WHAT NEEDS TO BE DONE: Print the listing below only from the line that has "Autumn Leaves over Snowy Lake" through the line that has "Stark scene of dead trees in a wetland", exactly, and drop any picture.

DATASET EXTRACT:
++++++++++
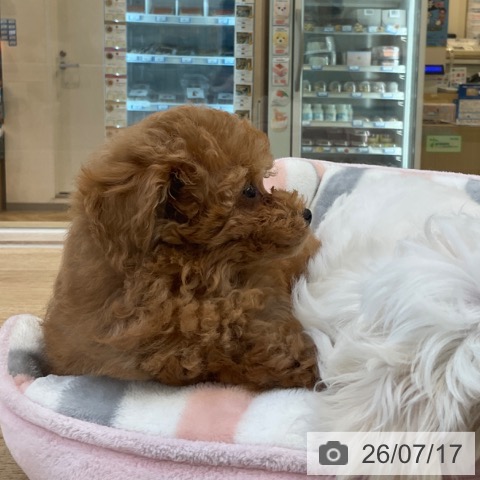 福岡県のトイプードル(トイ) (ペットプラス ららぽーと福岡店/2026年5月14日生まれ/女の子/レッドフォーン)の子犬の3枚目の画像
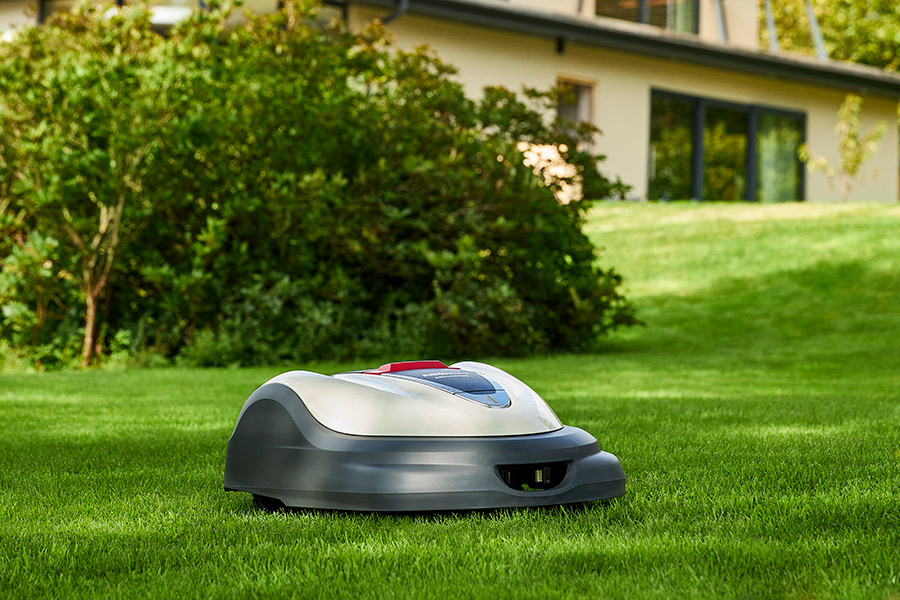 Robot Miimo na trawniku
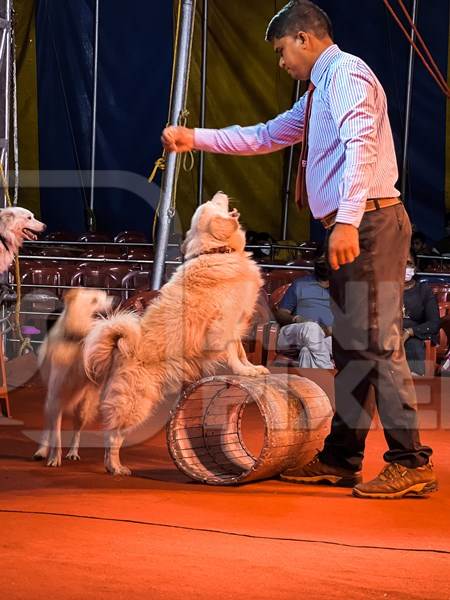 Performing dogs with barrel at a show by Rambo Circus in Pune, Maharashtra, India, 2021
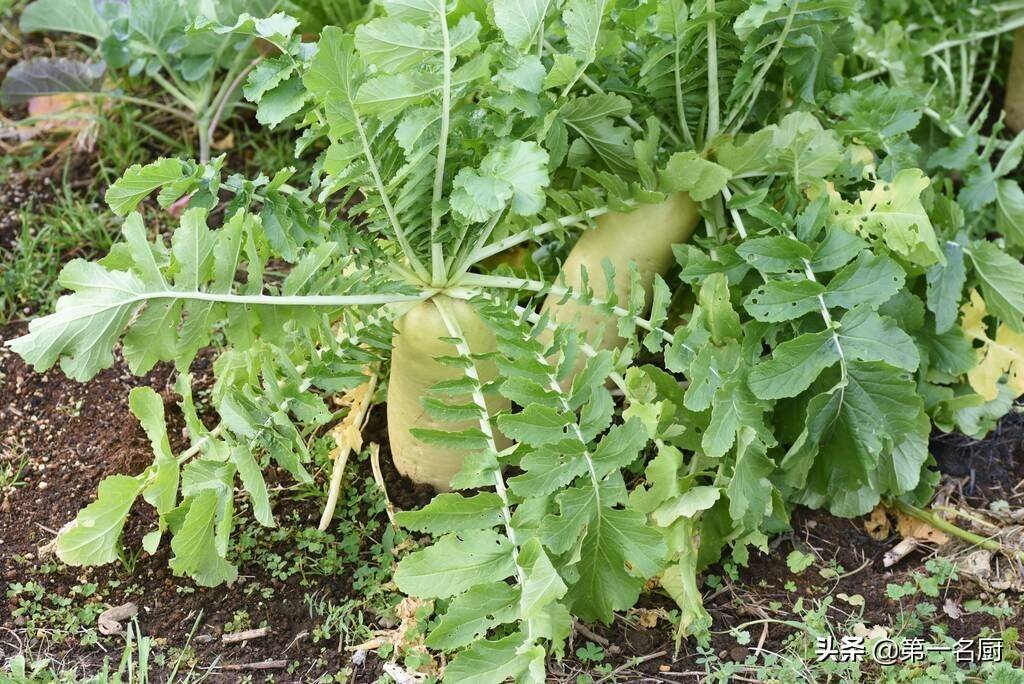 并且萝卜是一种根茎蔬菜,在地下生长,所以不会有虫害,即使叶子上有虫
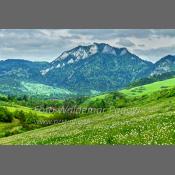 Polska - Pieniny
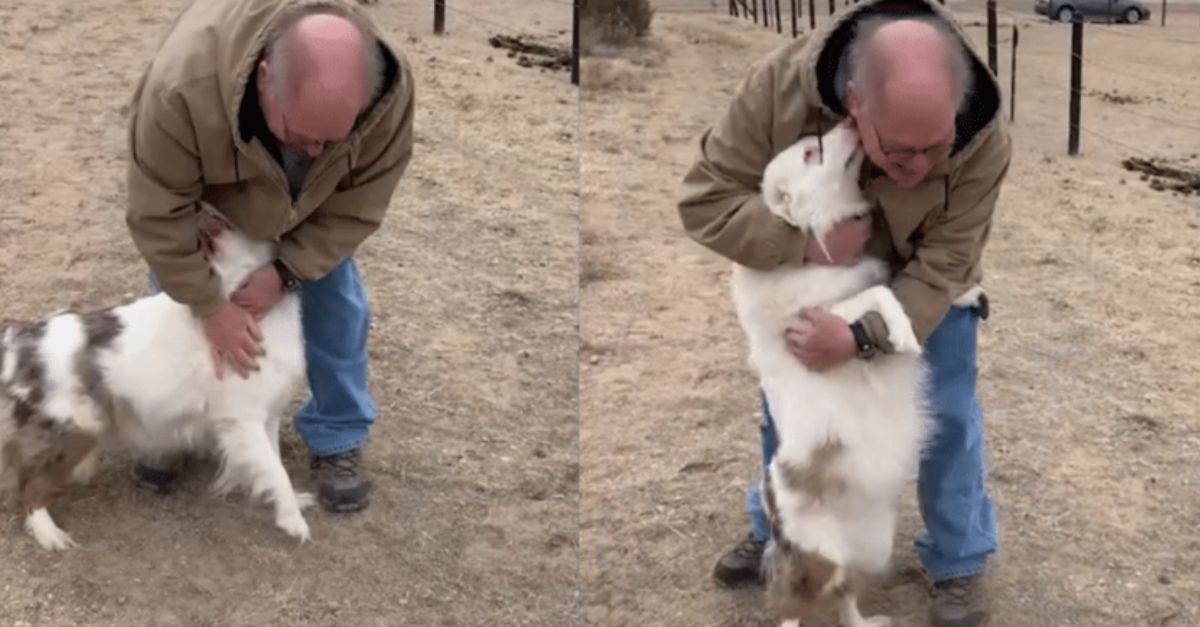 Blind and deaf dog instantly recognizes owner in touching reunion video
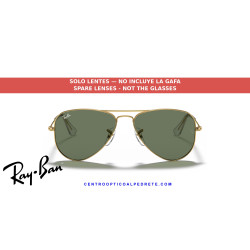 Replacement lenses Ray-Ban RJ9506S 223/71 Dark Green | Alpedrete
++++++++++
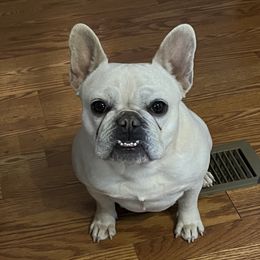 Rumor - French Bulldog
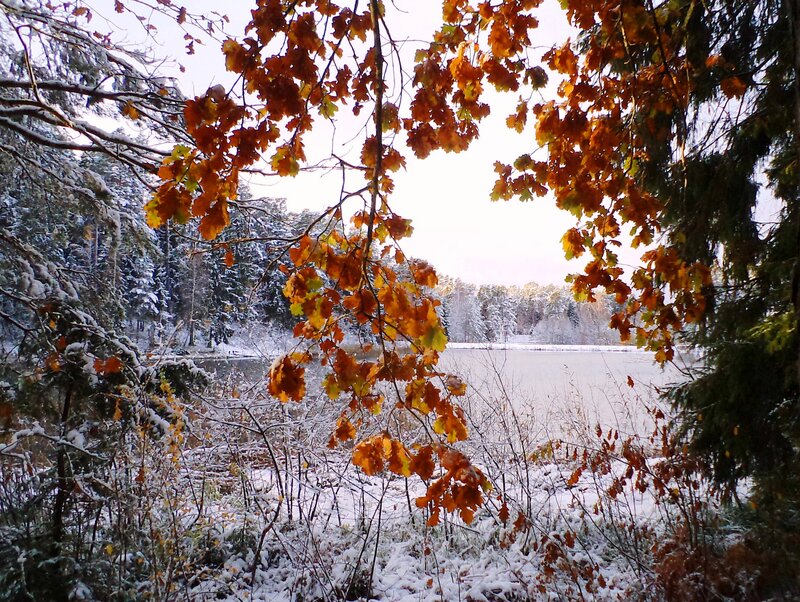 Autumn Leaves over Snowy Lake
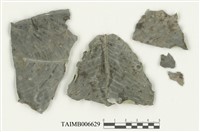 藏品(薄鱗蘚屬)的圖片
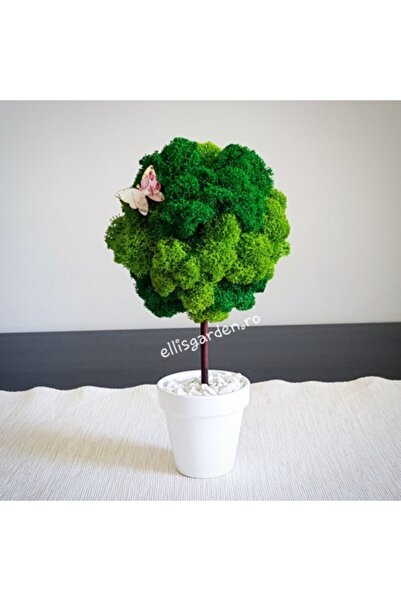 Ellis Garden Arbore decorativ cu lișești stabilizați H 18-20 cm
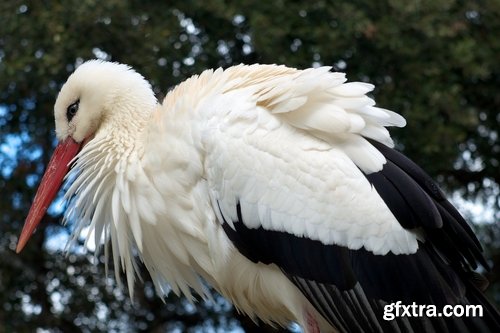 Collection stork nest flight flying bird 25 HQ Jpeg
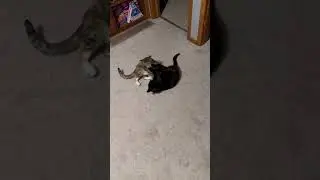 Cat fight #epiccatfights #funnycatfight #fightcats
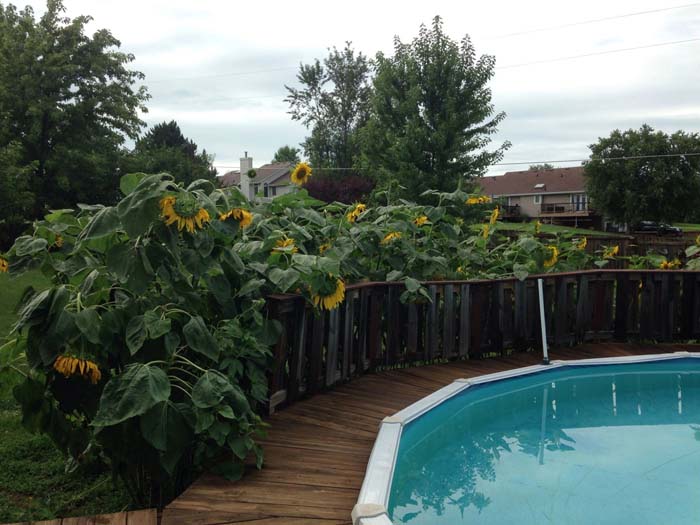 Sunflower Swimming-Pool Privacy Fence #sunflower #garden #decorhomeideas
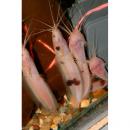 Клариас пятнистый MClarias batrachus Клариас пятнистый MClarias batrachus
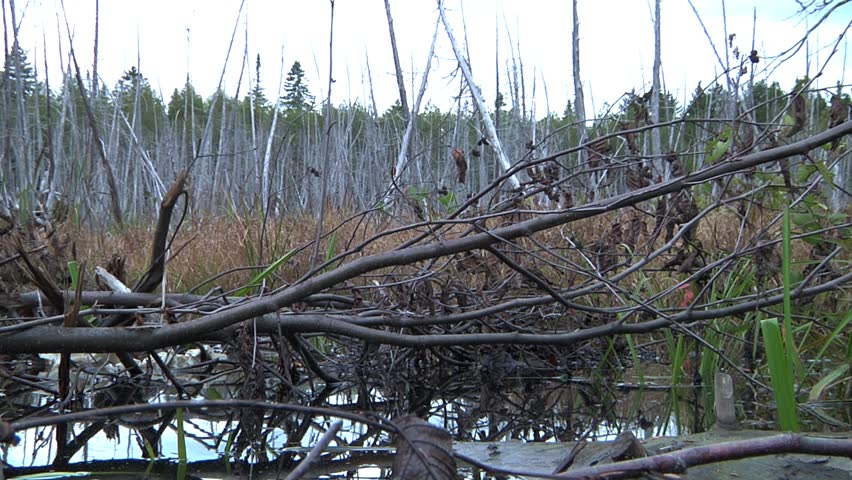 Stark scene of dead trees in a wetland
++++++++++
YOUR SOLUTION:
 Autumn Leaves over Snowy Lake
 藏品(薄鱗蘚屬)的圖片
 Ellis Garden Arbore decorativ cu lișești stabilizați H 18-20 cm
 Collection stork nest flight flying bird 25 HQ Jpeg
 Cat fight #epiccatfights #funnycatfight #fightcats
 Sunflower Swimming-Pool Privacy Fence #sunflower #garden #decorhomeideas
 Клариас пятнистый MClarias batrachus Клариас пятнистый MClarias batrachus
 Stark scene of dead trees in a wetland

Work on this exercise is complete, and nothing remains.